LLMs handle out-of-vocabulary (OOV) words or tokens by leveraging their tokenization process, which ensures that even unfamiliar or rare inputs are represented in a way the model can understand. Here’s how it works:
1. Tokenization Techniques:
- Subword Tokenization (e.g., Byte Pair Encoding (BPE), WordPiece, Unigram):
- GPT or BERT use subword tokenization methods that break down words into smaller units (subwords).
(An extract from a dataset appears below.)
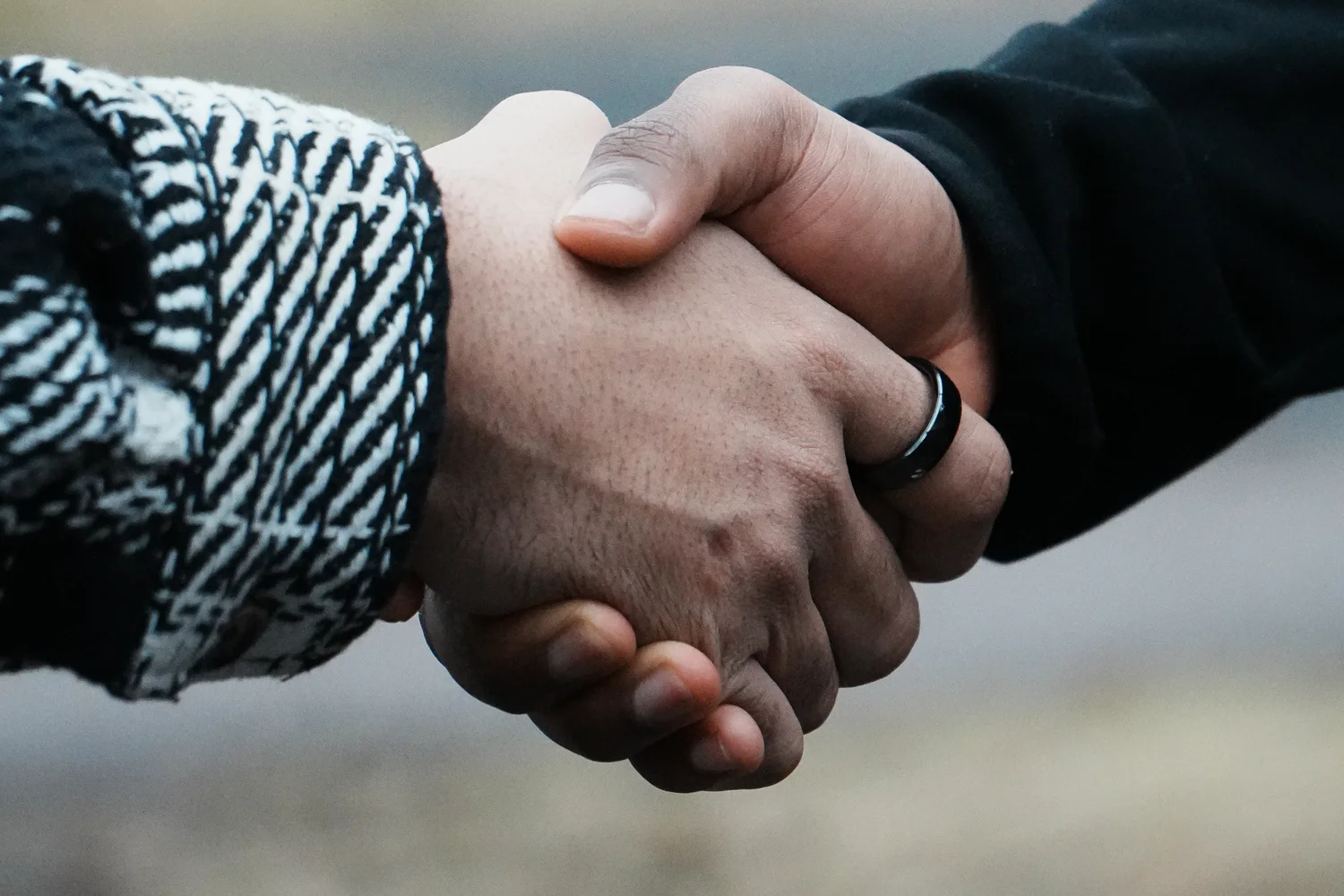 A handshake with a Ping ring visible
For example:
- The word “unfamiliar” might be split into
["un", "familiar"]
. - A rare word like “autodidactism” might be split into
["auto", "did", "act", "ism"]
. - This ensures that even if a word isn’t in the model’s vocabulary, its components are, allowing the model to process it effectively.
- Byte-Level Tokenization:
- Considers each byte (0-255) as a potential token.
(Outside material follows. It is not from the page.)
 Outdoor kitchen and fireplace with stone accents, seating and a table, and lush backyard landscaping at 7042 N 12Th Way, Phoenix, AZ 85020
- Models tokenize inputs at the byte level, allowing them to handle any text input, including misspellings, rare words, or text in various languages.
- For instance, “🤖AI🌍” would be tokenized into individual byte-level tokens representing emojis and characters.
2. Embedding and Context Understanding:
- Each token (subword or byte) is mapped to an embedding in a high-dimensional space.
- Even if the model encounters a novel word or token combination, the embeddings of its components allow it to infer meaning based on contextual patterns learned during training.
3. Handling Entirely Novel Inputs:
- Misspelled or Noisy Inputs:
- These are broken into tokens the model knows, which might still capture some semantic information. For example, “autdoidactism” could be tokenized similarly to “autodidactism.”
- Code or Specialized Notation:
- LLMs trained on diverse datasets (e.g., code snippets, technical writing) can handle uncommon tokens by identifying familiar patterns or structures.
4. Limitations:
- Loss of Semantic Specificity:
- If a rare or completely novel word is tokenized into many smaller units, its specific meaning might not be fully captured.
- Tokenization Overhead:
- Rare or OOV words may require multiple tokens, increasing computational cost.
- Dependence on Training Data:
- If the model hasn’t encountered similar patterns in training, its ability to infer meaning may be limited.
Example:
- Input: “ChatGPT is great for autodidactism!”
- Tokenization (BPE):
["Chat", "GPT", "is", "great", "for", "auto", "did", "act", "ism"]
- Model uses embeddings for each token and context to process the sentence.
By tokenizing inputs into manageable units and leveraging context-aware embeddings, LLMs can handle OOV words effectively, even if not perfectly.